> [Exercise description]: Apart from the pictures, every entry below must be given again exactly.

(Data shown Opens)

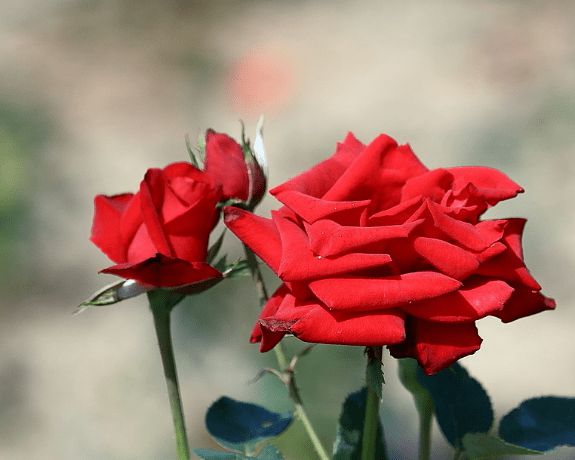 6396f469e8df0f148e6d6a69751839f2__url=http%3A%2F%2Fdingyue.ws.126.net%2F2021%2F0622%2F1cf5874dp00qv2ezm003ac000fz00csc.png&thumbnail=660x2147483647&quality=80&type=jpg.jpg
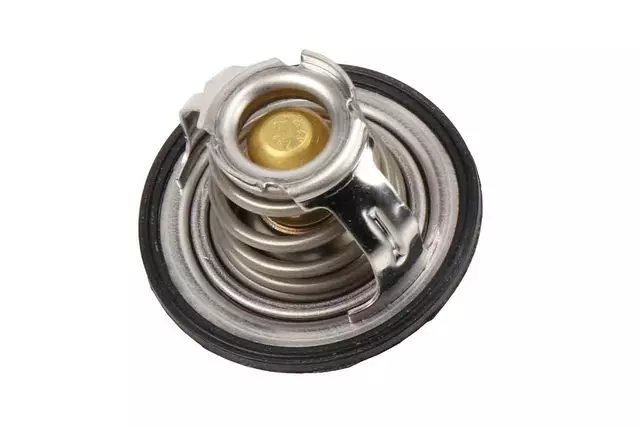 Acdelco™ Thermostat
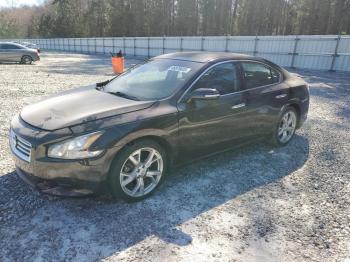  Salvage Nissan Maxima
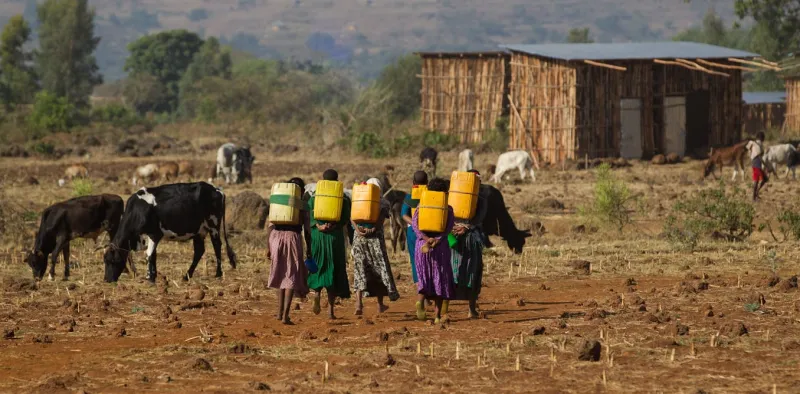 Les pressions climatiques aggravent les violences faites aux femmes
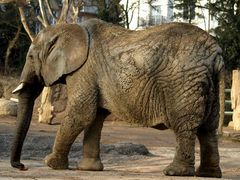 Die Patriarchin im Basler Zoo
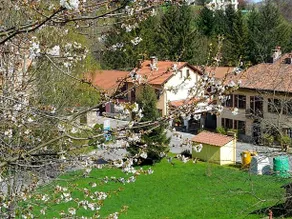 L'Erbavoglio - Image 5
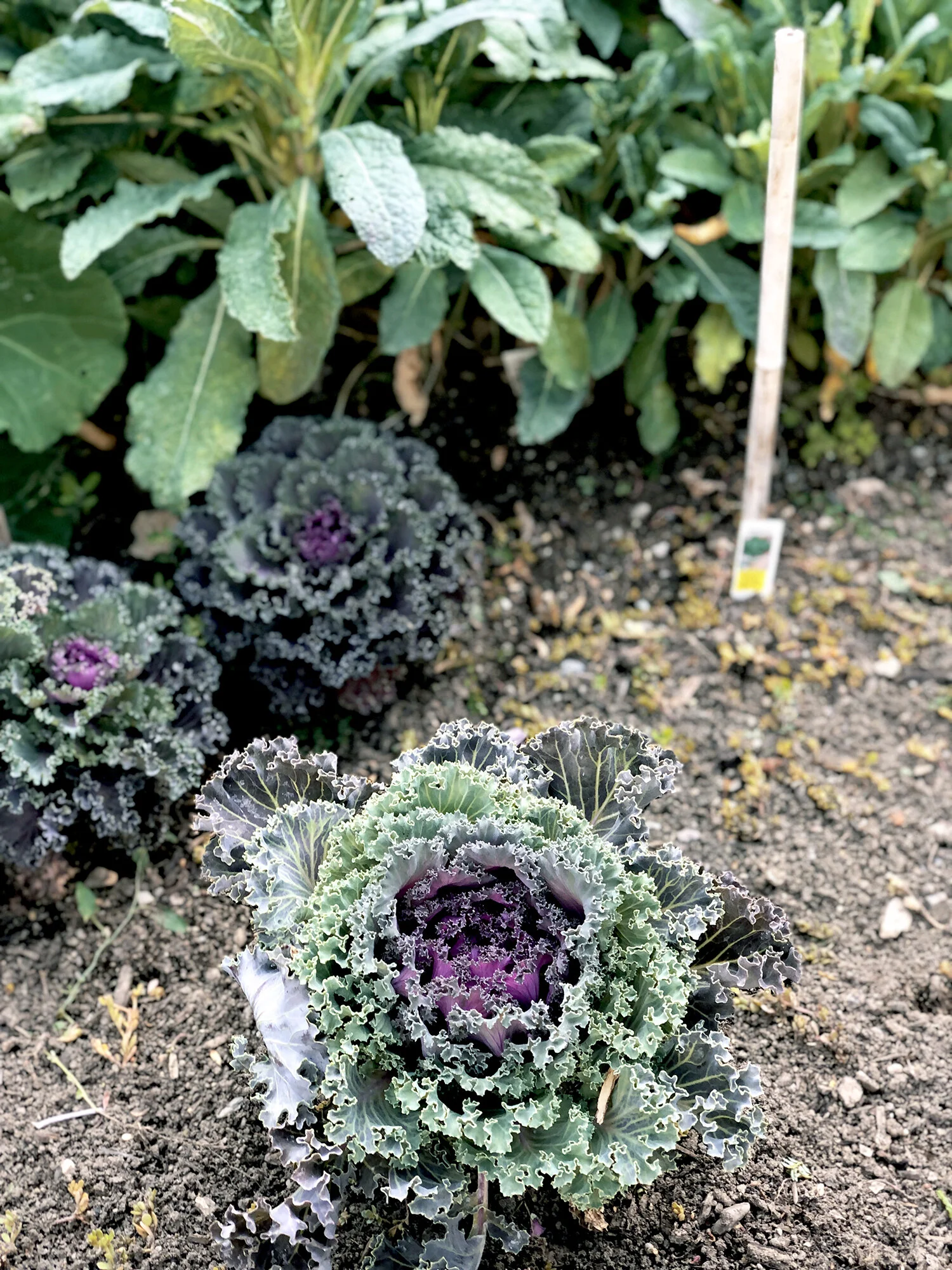 GP-Garden-Table-02-cabbage-FW.jpg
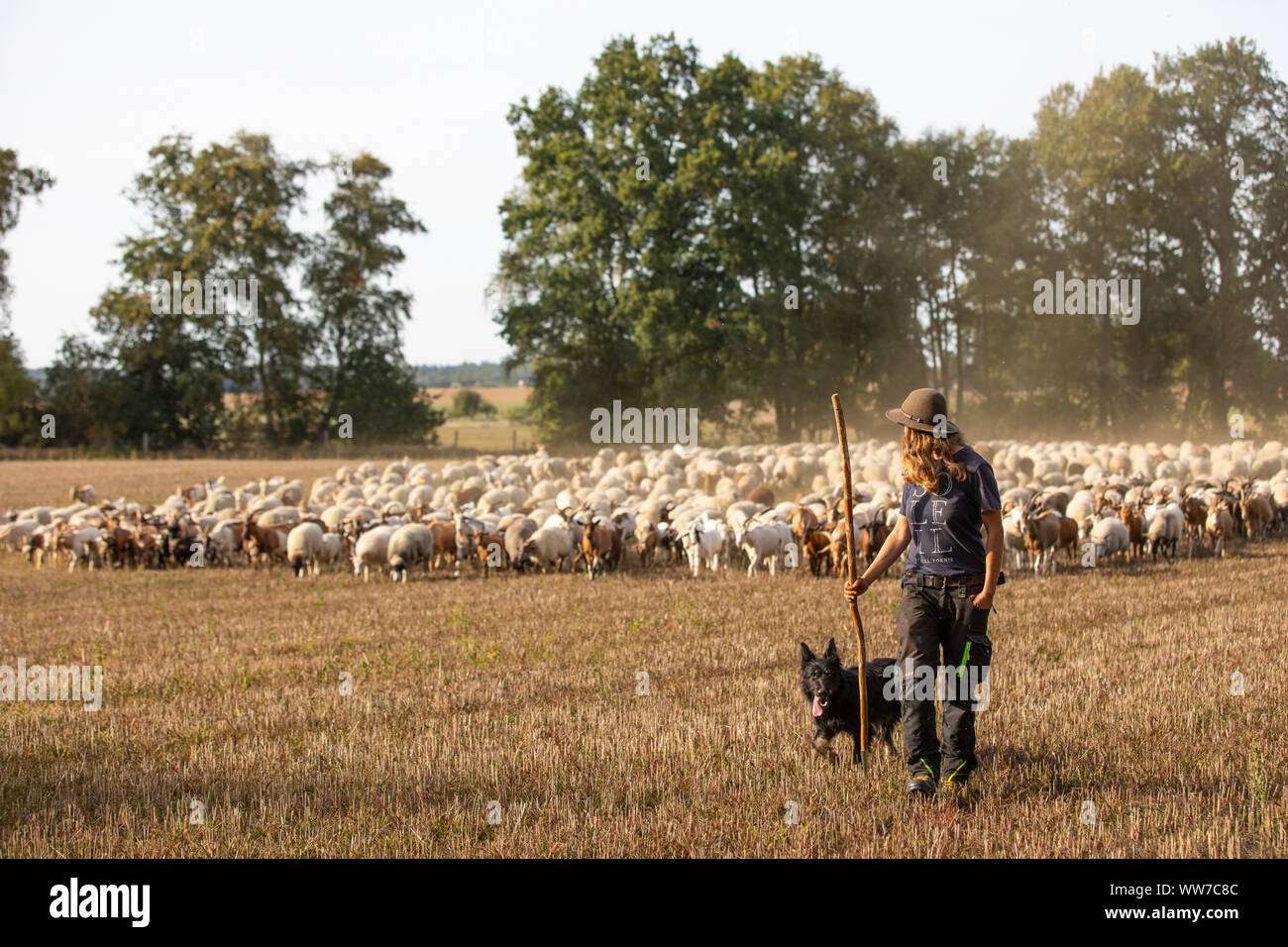 Germany, Mecklenburg-Western Pomerania, shepherdess with dog and herd Stock Photo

(Data shown Closes)

> [Response to the exercise]:
 6396f469e8df0f148e6d6a69751839f2__url=http%3A%2F%2Fdingyue.ws.126.net%2F2021%2F0622%2F1cf5874dp00qv2ezm003ac000fz00csc.png&thumbnail=660x2147483647&quality=80&type=jpg.jpg
 Acdelco™ Thermostat
  Salvage Nissan Maxima
 Les pressions climatiques aggravent les violences faites aux femmes
 Die Patriarchin im Basler Zoo
 L'Erbavoglio - Image 5
 GP-Garden-Table-02-cabbage-FW.jpg
 Germany, Mecklenburg-Western Pomerania, shepherdess with dog and herd Stock Photo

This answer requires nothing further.